Paper ID: | 1134 |
---|---|

Title: | InfoGAN: Interpretable Representation Learning by Information Maximizing Generative Adversarial Nets |

The paper presents an extension of the standard GAN framework, that allows to learn a set of disentangled interpretable codes in an unsupervised manner. The approach is motivated from the information-theoretic point of view and is based on minimizing the mutual information between the latent codes and the generated images. The experiments show the results on several types of image data: handwritten digits, house numbers, faces, chairs.

It is a good paper that should definitely be accepted. The presented approach has a clear theoretical motivation and is supported by a thorough and convincing experimental evaluation. It is important that the approach does not use any domain-specific knowledge and effectively comes at zero additional computational cost. This makes it easily applicable to a wide range of generative tasks. I have several questions/comments: 1) It seems to me that the proposed approach in the end amounts to training a GAN with an additional network (or an additional branch on top of the discriminator) trained to predict part of the latent code from the generated image. Is it correct? If not, what is the difference and how would such simple approach perform? If yes, please clearly state this fact in the paper. This interpretation is very intuitive and natural. And it is misleading to make it look more complicated than it is. Please address this question in the rebuttal. 2) All results are purely qualitative, except the remark on the 5% classification performance on MNIST. Some quantitative results, showing how the learned representation is useful for discriminative tasks, would strengthen the paper. 3) The paper only shows the effect of some selected latent factors on the generated image. It would be interesting to see the effect of all factors (in the supplementary, of course). Are they all meaningful? It would also be interesting to see the effect of "incompressible noise" z. 4) Why is "incompressible" noise z at all necessary? How do you select the dimensionality of z? 5) GANs are known to often fit only a subset of the data. Does InfoGAN have any advantage in this respect, or can it happen that it fits only a subset of the factors of variation? 6) For completeness it would be nice to have V(D,G) formulated in terms of x,c,z: it is not 100% clear from equation (1). 7) It would of course be interesting to see what kind of factors can the proposed method extract from more diverse data, for example the bedroom dataset used in the DCGAN paper or natural image datasets such as CIFAR-10 or ImageNet.

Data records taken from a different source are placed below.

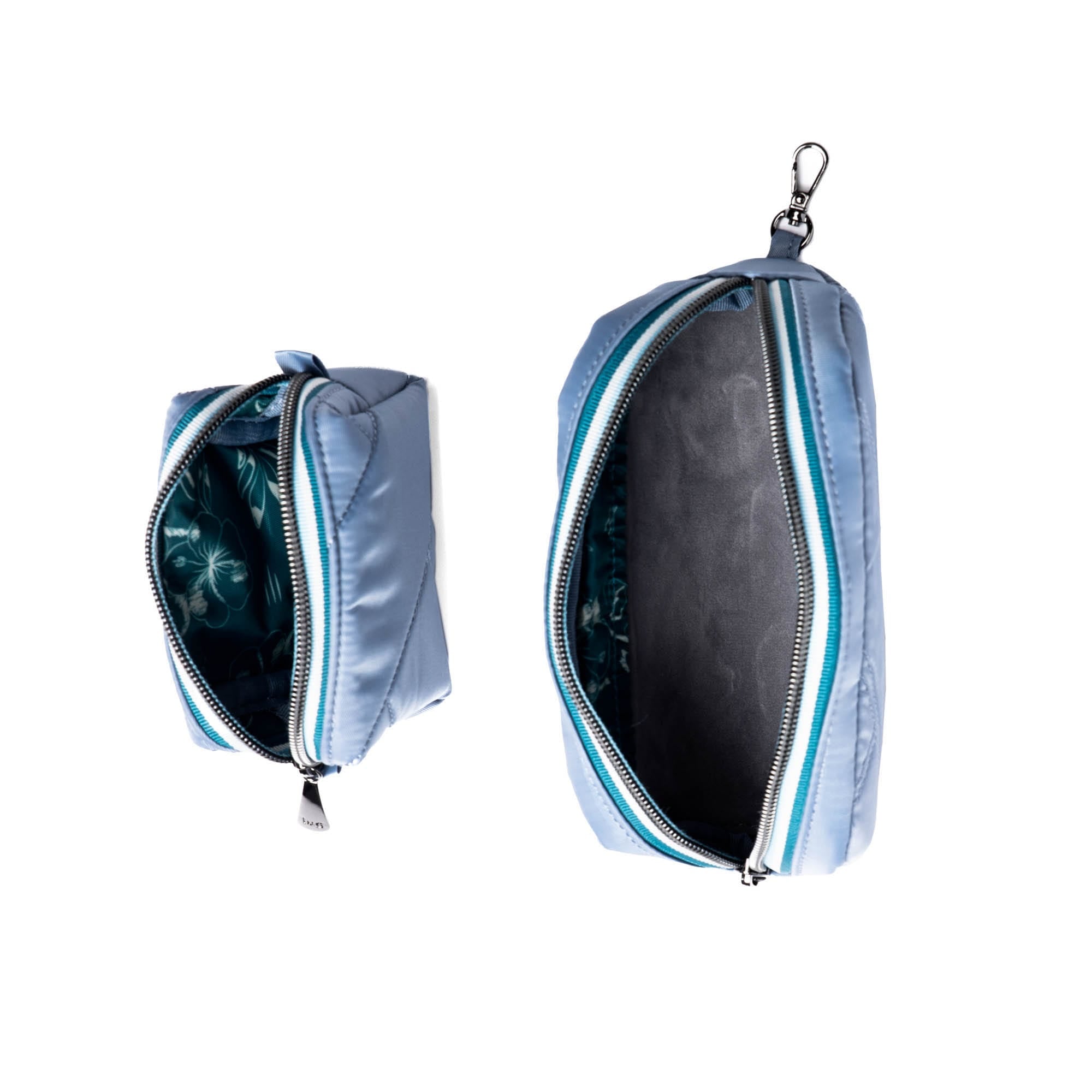 Bobsled XL Eyeglass Case & Choo Choo Mini Pill Box Set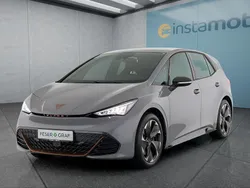 Grau Gebraucht 2024 Cupra Born Kleinwagen | 32.199 € (Superpreis)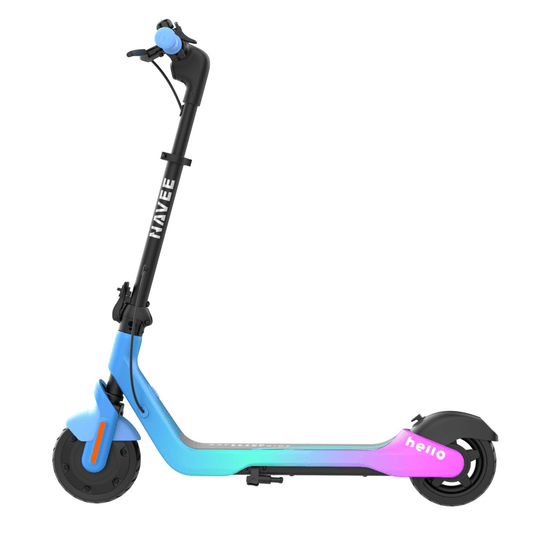 NAVEE K100 Max - E-Scooter - Wheelyshop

2-Confident (read it all; understood it all reasonably well)

This paper presents an extension of GAN to learn interpretable representations (codes to generate images). The main observation is that the original GAN tends to ignore the additional condition (code) to generate images P(x|z) = P(x|z,c) where c is the code. To address this issue, this paper proposes to maximize the mutual information between the code c and the generated images G(z,c), and derive a variational lower bound for learning with a proposal posterior distribution Q(c|x). The final learning objective is a combination of minmax game loss of GAN and log likelihood of the proposal code distribution. In network implementation, this new code likelihood term is simply added at the end of discriminator with additional linear layers. Experiments are carried out on MNIST, renderings of faces and chairs, SVHN and CelebA with codes being categorical or uniform.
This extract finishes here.